-
Architects: AIDIA STUDIO
- Area: 75056 ft²
- Year: 2022
-
Photographs:Rolando Rodriguez Leal
-
Manufacturers: Acerocid, Cemex, Comex, Construlita, Grupo JOBEN, Innovacero
-
Lead Architects: Rolando Rodriguez Leal, Natalia Wrzask
Text description provided by the architects. This intervention consisted of restoring the facilities of the sports centre in the municipality of Santo Domingo Zanatepec, Oaxaca, in the Istmo of Tehuantepec Region. The site is characterized by fields of fruit trees, especially mangoes, and views of the western mountains of the Sierra Madre de Chiapas.
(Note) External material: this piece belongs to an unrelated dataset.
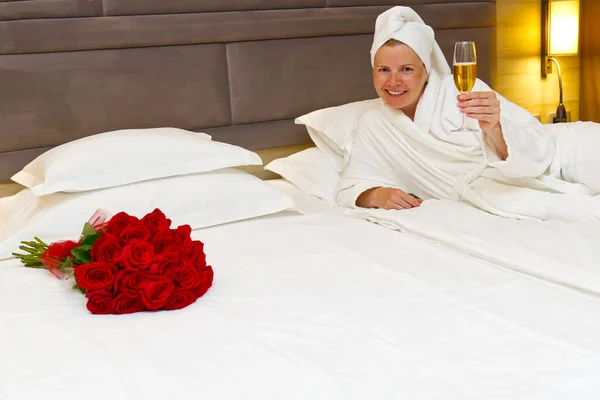 woman in hotel room with bouquet of red roses. romantic meeting of guests at the hotel.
The local soccer league maintained a professional field and an amateur field; however, they did not have the basic services that should accompany sports spaces such as a grandstand for spectators, locker rooms, public bathrooms or commercial premises. The objective of the project has been to provide this complementary equipment, as well as an access plaza, a 400m athletics track around the football field and a 1km perimeter path for runners and visitors. Children's play areas and spaces to practice calisthenics were also provided.
The main building houses dressing rooms for two teams on its ground floor with showers, lockers and bathrooms, with direct access to the field. Likewise, on the ground floor there is a cafeteria and bathrooms for spectators connected through a portico that provides shade and protects visitors from the sun. The grandstand at the top is accessible via centralized stairs and via side ramps for wheelchair users.
With capacity for 400 spectators, the grandstand is roofed with a modular metal roof made of hyperbolic paraboloids. This geometric configuration provides rigidity and lightness at the same time, providing unobstructed views towards the soccer field in front and the basketball court in the back.
The project plays with the contrast between a massive base made of pigmented concrete from which a light metal structure rises. The final touch is provided by the parquet finish of the concrete, the lightness of the white ironwork railings and the parota wood details of the lattices and pivoting doors of the lower portico.